What are your New Year’s Resolutions?
Resolutions are meant to be positive changes we can implement into our daily lives. While the turn of the calendar year is a popular time to create them, oftentimes, they fall by the wayside and fail to be achieved. How can we turn these resolutions into realities? Below are a few tips for you to help execute your resolution plans to the fullest. Enjoy.
- Personal mission statement. Writing down your personal mission statement will help you concoct your goals in a way that puts personal meaning and responsibility behind it. What is your personal mission statement?
- Core values. Be clear about your values and how they affect your actions. Live with integrity and identify how you wish to conduct yourself. Do you have clear core values?
- Write your goals down. These resolutions can be identified in many ways. I have found that writing them down for you to physically see and recite each day can be very powerful. Are your resolutions written down?
- Personal growth plan. How will these resolutions grow you as a person? Always seek to grow your mind through audiobooks, CDs, books, etc. and utilize every opportunity to grow.
- Personal health plan. For me, I like to include personal health aspects into my current and future goals. Sleep, exercise, diet, and taking time to myself are important to me. What aspects are important to you to include?

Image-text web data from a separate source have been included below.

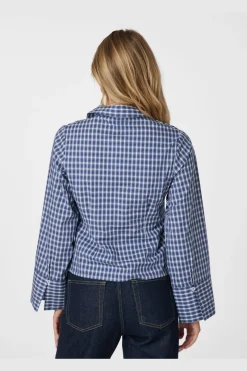 Neo Noir Bluser & Skjorter|Ammevenligt Tøj<Rosa Check Shirt 165895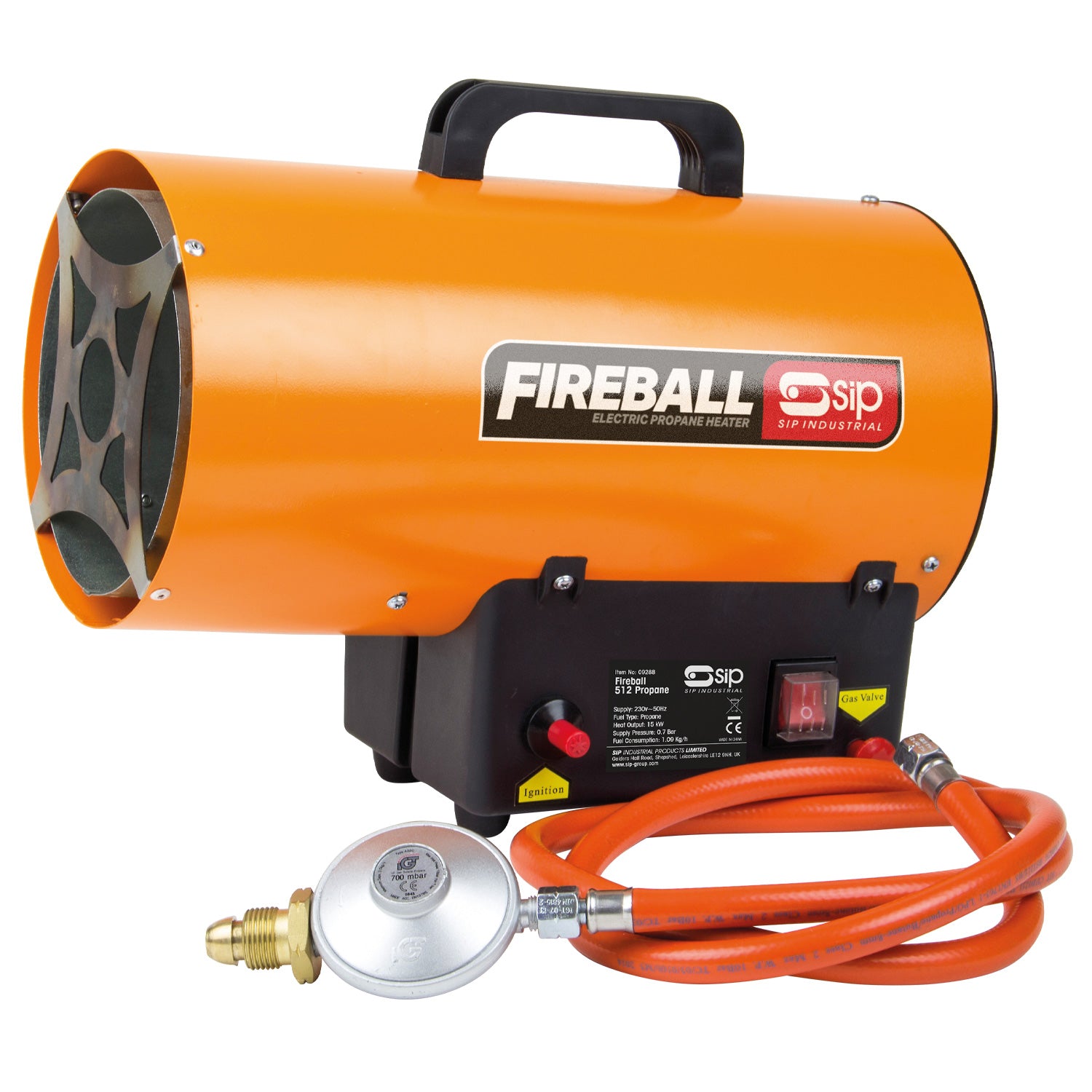 SIP 09288 Fireball 512 Propane Gas Heater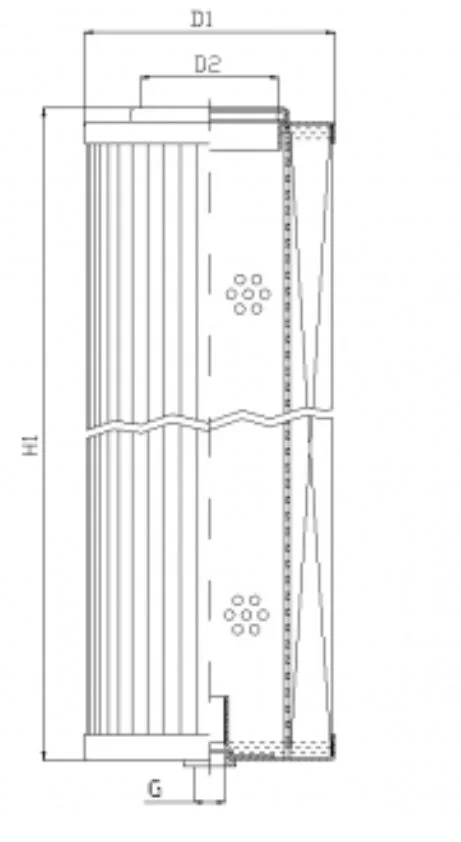 Filtrec - WT863 - Hydraulic filter element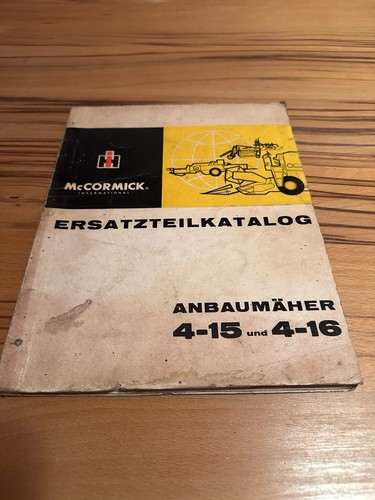 Original ihc anbaumäher 15 - original,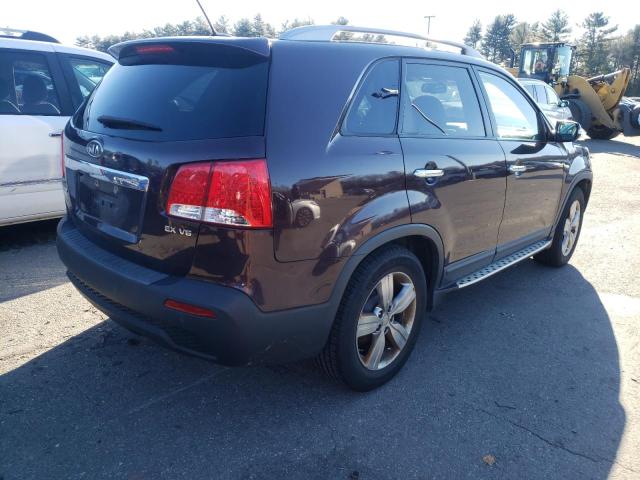 Photo 3 VIN: 5XYKU4A29CG229585 - KIA SORENTO EX 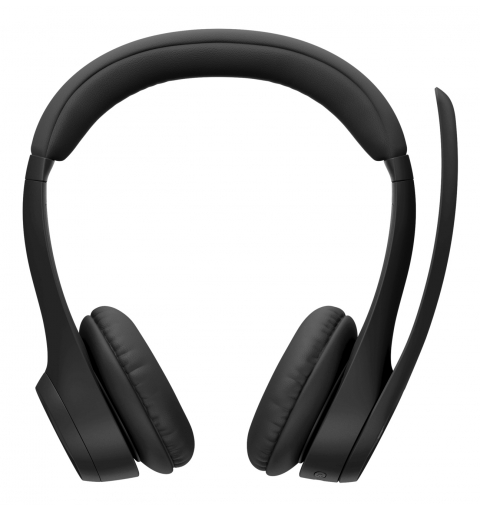 Logitech 981-001458 headphones headset Wireless Head-band Car Home office Black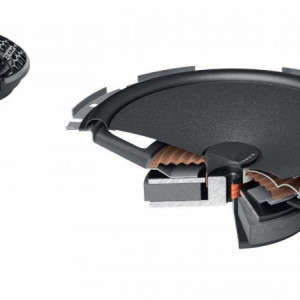 Difuzoare Auto Hertz Cento CK 165 F, set sistem 2 căi, 165mm, 90W RMS, 4Ω, 4 difuzoare + accesorii - Img 3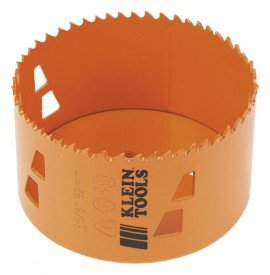 Klein Tools 31958 Bi-Metal Hole Saw, 3.625&quot;-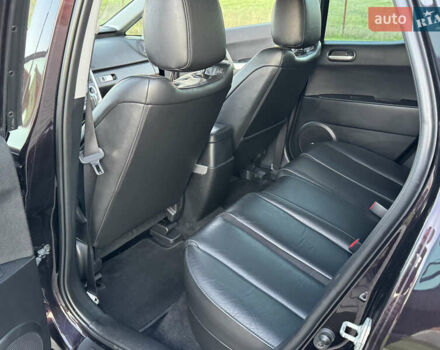 Черный Мазда СХ-7, объемом двигателя 2.3 л и пробегом 124 тыс. км за 7800 $, фото 48 на Automoto.ua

- Personal family plan. Your resolutions should include spending time with loved ones and family. Do you prioritize spending time with family? They are typically the most important people in your life and it’s crucial to include them in your growth plans.
- Personal financial independence plan. Pay yourself first. Saving money adequately for your future should be included in your New Year’s resolutions. How are you developing a personal financial plan?
Did You Know? Coach Jim Johnson’s first professional speaking engagement for 2018 will be in January in Chicago, IL giving a leadership talk to Walsh Construction.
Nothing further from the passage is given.